The federal government established rules to ensure that former spouses of military services members receive certain military benefits and pay upon divorce. The rules within the Uniformed Services Former Spouse Protection Act (USFSPA) grant a Maryland court the ability to divorce a military couple. Under certain circumstances, former spouses may be paid directly their share of a service member’s retirement pay.

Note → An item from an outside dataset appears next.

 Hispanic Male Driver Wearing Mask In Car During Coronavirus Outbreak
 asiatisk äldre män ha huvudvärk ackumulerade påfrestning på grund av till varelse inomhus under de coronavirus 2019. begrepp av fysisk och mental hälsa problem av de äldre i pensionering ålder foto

Military retired pay and divorce
The USFSPA does not require a state court to divide a service member’s retired pay with a former spouse. However, under certain circumstances, a court may do so in order to enable a fair and equitable divorce settlement or if the divorcing spouses have agreed to it. A court may order a portion of retired pay to be directed to the former spouse for child support or alimony.
Military retired pay as marital property
The terms of the USFSPA leave decisions about military retired pay in the hands of a state court. The act does not propose a formula or restrict the amount of retired pay a former spouse might receive. These questions are to be decided by state law where the people live just as would happen in a nonmilitary divorce.
Unlike when retired pay is seen as income that may be available to pay child or spousal support, the pay may be viewed as property to be divided when a marriage lasts at least 10 years. During a marriage of at least 10 years, the service member must have been in the military for at least 10 years.
Other military benefits for former spouses
In a divorce, some former spouses may qualify for continued access to military medical care, which could be quite valuable. A former spouse could also remain eligible to use a military exchange and commissary.